Would you please set down, word for word, the lines from the one with "Xe tăng Sabra" through the final line of the data below, omitting any pictures?
==== Given data
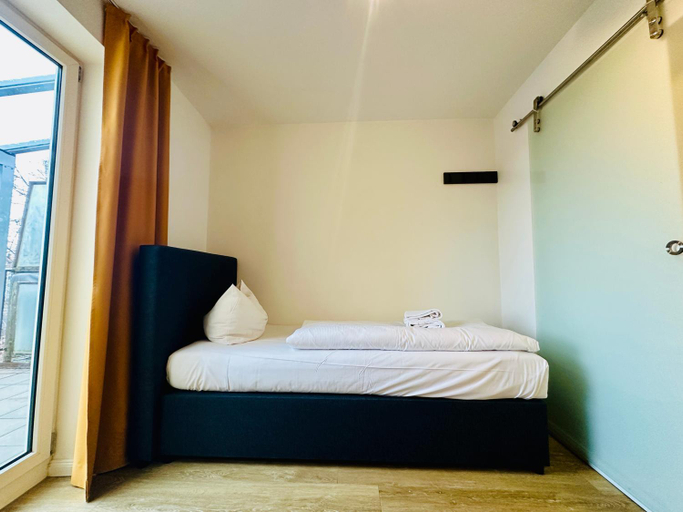 Bedroom 2, Homaris Apartments München Laim, München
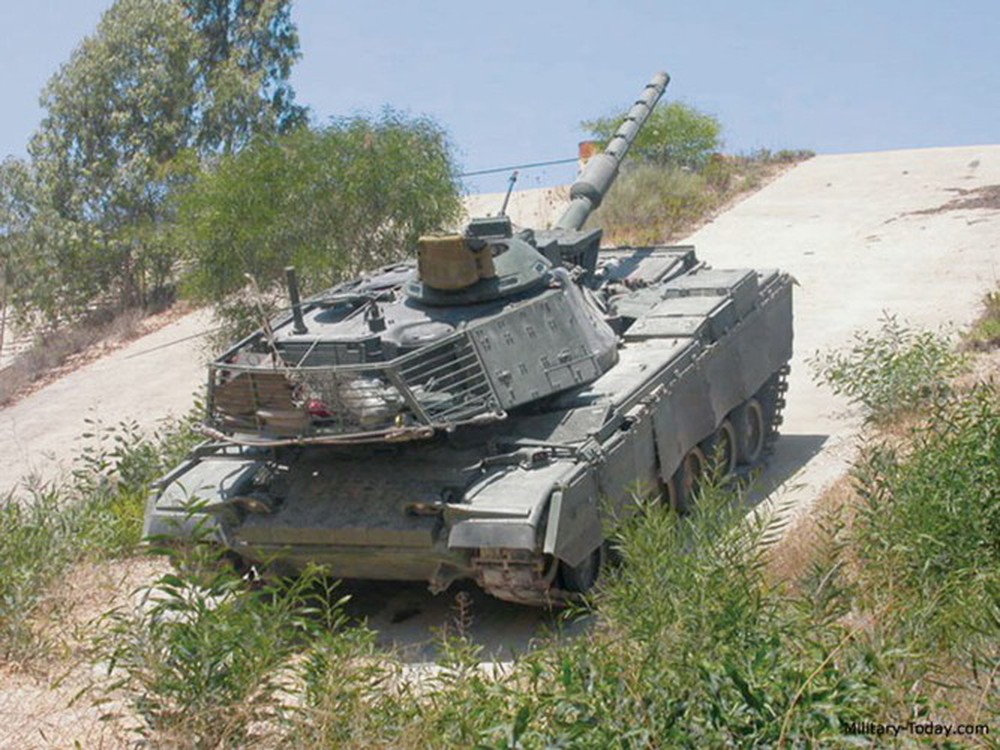 Xe tăng Sabra - “Sát thủ” đáng sợ của Israel trong chiến tranh hiện đại - Ảnh 6.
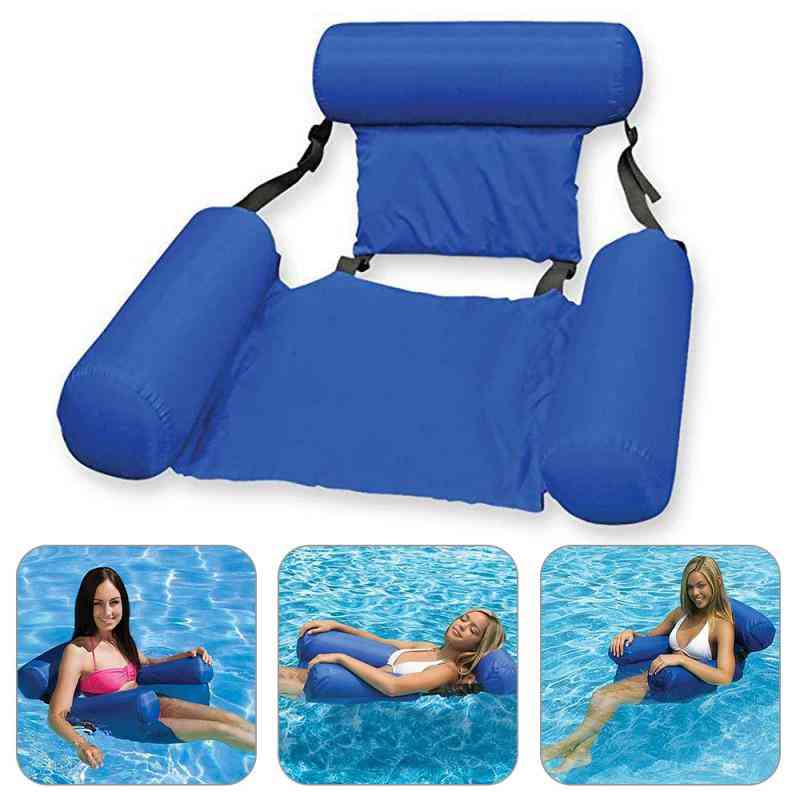 Luftmadrasser pleasure lounge flydende svømmestol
========
* [Exercise solution]
 Xe tăng Sabra - “Sát thủ” đáng sợ của Israel trong chiến tranh hiện đại - Ảnh 6.
 Luftmadrasser pleasure lounge flydende svømmestol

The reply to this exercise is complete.